■ Instructions for the task:
Match the string "balcony" against each line below, and copy every line that matches.

Data extracted from a collection
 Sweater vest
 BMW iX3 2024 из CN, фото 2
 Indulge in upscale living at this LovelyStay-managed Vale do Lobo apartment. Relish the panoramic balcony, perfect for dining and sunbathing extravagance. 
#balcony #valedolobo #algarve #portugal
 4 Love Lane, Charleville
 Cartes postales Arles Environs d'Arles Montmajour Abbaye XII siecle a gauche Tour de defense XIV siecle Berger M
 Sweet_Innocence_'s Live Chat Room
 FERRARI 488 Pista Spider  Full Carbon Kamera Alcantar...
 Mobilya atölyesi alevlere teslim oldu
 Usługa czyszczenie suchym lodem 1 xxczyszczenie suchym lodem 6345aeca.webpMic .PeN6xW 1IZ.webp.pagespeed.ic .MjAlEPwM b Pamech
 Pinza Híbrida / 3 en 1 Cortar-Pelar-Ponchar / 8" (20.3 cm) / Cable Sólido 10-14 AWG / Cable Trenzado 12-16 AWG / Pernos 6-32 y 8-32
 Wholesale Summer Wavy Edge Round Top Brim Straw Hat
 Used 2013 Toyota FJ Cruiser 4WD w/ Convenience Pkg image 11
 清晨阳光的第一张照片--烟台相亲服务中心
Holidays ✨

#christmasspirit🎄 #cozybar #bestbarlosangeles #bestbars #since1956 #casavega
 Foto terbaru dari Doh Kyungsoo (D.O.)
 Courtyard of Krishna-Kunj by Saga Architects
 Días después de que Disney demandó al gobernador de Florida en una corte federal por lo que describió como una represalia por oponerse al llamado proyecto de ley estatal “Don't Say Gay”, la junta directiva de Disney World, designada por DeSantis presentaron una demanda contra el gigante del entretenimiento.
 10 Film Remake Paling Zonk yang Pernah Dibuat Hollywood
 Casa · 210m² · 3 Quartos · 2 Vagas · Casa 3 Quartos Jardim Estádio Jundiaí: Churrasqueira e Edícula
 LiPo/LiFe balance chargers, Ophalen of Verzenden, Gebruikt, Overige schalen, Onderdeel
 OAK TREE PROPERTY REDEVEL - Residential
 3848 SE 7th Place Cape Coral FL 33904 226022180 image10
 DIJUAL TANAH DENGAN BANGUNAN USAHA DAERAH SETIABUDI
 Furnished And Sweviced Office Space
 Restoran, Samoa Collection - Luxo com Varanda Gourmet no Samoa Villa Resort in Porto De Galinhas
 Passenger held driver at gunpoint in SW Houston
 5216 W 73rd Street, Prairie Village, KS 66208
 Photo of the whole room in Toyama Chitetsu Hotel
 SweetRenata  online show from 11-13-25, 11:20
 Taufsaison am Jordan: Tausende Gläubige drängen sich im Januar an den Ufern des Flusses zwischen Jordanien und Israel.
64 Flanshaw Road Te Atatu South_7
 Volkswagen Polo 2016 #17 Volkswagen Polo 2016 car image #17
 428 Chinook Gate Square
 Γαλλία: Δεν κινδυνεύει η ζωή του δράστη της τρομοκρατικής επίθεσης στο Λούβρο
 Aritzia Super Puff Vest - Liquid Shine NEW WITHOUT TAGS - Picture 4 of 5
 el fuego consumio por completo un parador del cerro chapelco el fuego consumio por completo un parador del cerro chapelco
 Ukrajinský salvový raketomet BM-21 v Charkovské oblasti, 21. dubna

■ Output for this exercise:
 Indulge in upscale living at this LovelyStay-managed Vale do Lobo apartment. Relish the panoramic balcony, perfect for dining and sunbathing extravagance. 
#balcony #valedolobo #algarve #portugal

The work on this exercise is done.